Ethridge could be considered a traditional artist, since his images are often either figures or landscapes. Each image is beautiful, yet each image of beauty obscures, or exacts through ironic counterpoint, an unseen context. The most blatantly romantic images, such as those in his "New York Water" series, Osgood Pond and Catskills, present what seem like nature pictorials straight out of Hallmark cards: the haze of late summer covering a large pond seen through a rise of fir trees, and a stream bubbling merrily through a bucolic landscape. Yet hidden in the obvious details are reasons why beauty lies to us, and why we let it. Nature is a backdrop of beautiful detail to Ethridge, but it is also merely a fact, which can be defined and compartmentalized, as it is in the title of the series, which sounds like the name of a state regulatory agency, and not a thematic depiction of beautiful scenery.
More perversely intentional are Untitled (Self Portrait) and Car Carrier. In the first, the artist sustained a nasty black eye while climbing a rock embankment. He found the image so guilelessly convincing that he was driven to document it in order to show people what a real black eye looks like. The image is painfully convincing, even as it mars his clean faced, boy next door looks. Car Carrier presents the image of a commercial freighter transporting automobiles from Europe. Ethridge was struck by the enormity of such an operation, as well as by the plain economic reality it represents. He utilized a prismatic lens to transform one ship into an army of doppelgangers whose similarity and number echo the multitude of cars each one ostensibly carries.
Combining honesty with trickery are three photographs titled simply Pigeon in which the artist "hired” a set of trained birds from Universal Studios to fly about in predetermined routines. Portrayed with a high speed lens, they take on a dramatic saintliness, like the religious familiars they really are.
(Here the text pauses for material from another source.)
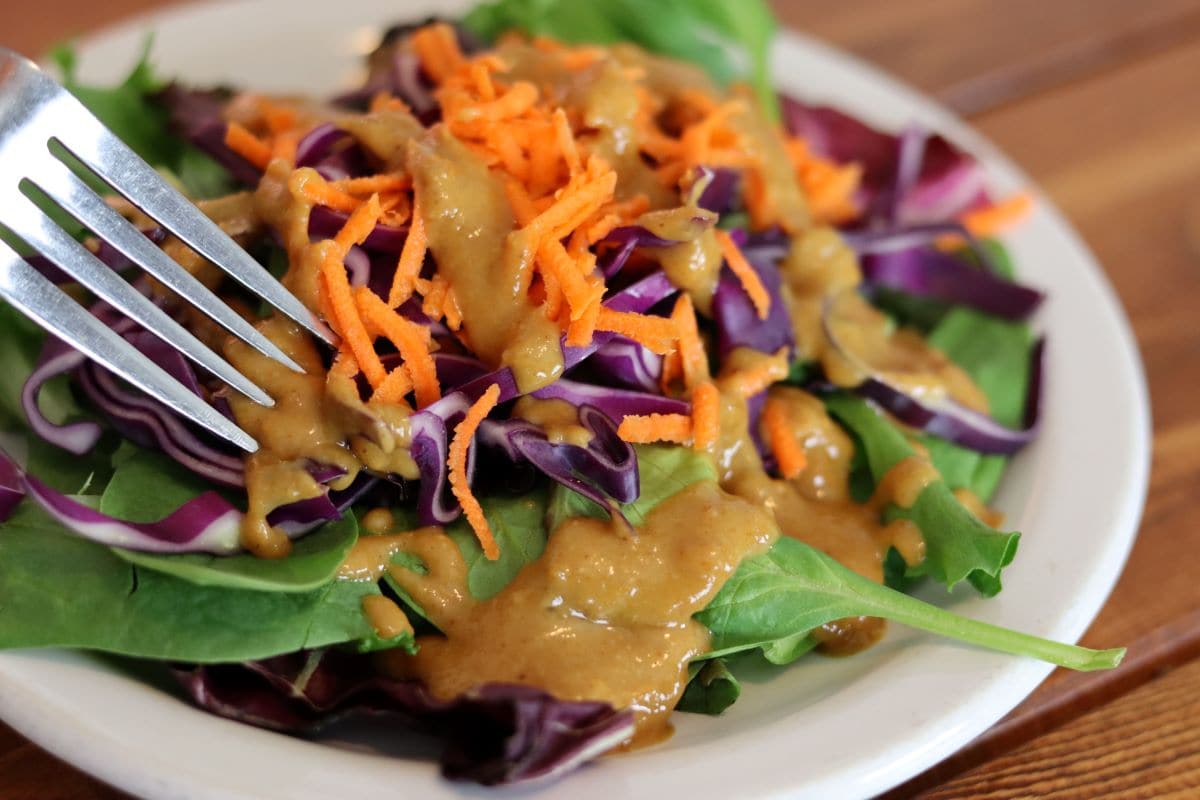 EASY TO MAKE SPICY PEANUT SALAD DRESSING || JUST LIKE THE THAI RESTAURANT MAKES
Finally there is The Pink Bow, the image after which this exhibition was named. As a commercially fabricated item with humble origins, it is speciously portrayed as if it were not merely a metaphor for the sexual object it resembles, but also a commodity critique. As a gesture, it is an homage to the inspiration Ethridge derives from specific subject matter, and the specificity of the photographic image itself.